Hop Harvest Time
This article may be completely without relevance to you on two accounts: either you planted your hops on time and have already harvested your crop weeks ago, thereby rendering my article utterly without applicability, or you don’t grow your own hops, being neither of ample space or patience, which would make my article to you a giant waste of time. Wellp, just skip to the second half of the article where I actually talk about beer. See you there. If you planted late or just curious about what I have to say, well dear reader, follow me on a journey about getting my hands so hoppy and sticky I could make a West Coast IPA just by washing my hands.
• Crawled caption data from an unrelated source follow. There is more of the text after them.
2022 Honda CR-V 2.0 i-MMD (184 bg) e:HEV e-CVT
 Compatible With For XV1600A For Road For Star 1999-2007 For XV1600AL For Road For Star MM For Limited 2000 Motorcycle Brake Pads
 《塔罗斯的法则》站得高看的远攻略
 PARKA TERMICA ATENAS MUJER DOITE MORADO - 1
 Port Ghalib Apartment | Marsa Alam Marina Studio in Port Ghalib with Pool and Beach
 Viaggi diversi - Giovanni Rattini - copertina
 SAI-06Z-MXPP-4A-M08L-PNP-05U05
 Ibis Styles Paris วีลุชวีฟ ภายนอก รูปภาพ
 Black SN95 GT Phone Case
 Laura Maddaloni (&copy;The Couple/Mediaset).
It’s around harvest time now, if you planted your hops around mid-May. Now, I don’t homebrew, but I decided to grow my own hops just for shiggles this year; since I live in an apartment and don’t have any yard of my own, I was reduced to crappy direct-sunlight hours and a 3.5 gallon pot of dirt. But even my first year Cascade bines got a couple-dozen hops, so I got to feeling pretty good about myself.
Then I went to a hop picking party hosted by High Hops hop farm in Windsor, CO, and got to see how an actual harvest is supposed to look like. Unlike first year amateur bines, commercial operations can make flowers pop all over the dang place from the base to the very tip-top. Now, you could very well use a machine to sort out flowers from stems and leaves, but this is a known wasteful method costing hops and fuel. And nobody likes a carbon footprint. So High Hops hosted a little free food and draft local beer, and volunteers showed up by the dozens to pick hops…for five hours. It wasn’t all for naught—I mentioned the free beer and food. Well, everyone got 2oz of hops for every pound they picked, plus the overall winner got GABF tickets. And sticky yellow/black hands that smelled slightly of grapefruit and pepper.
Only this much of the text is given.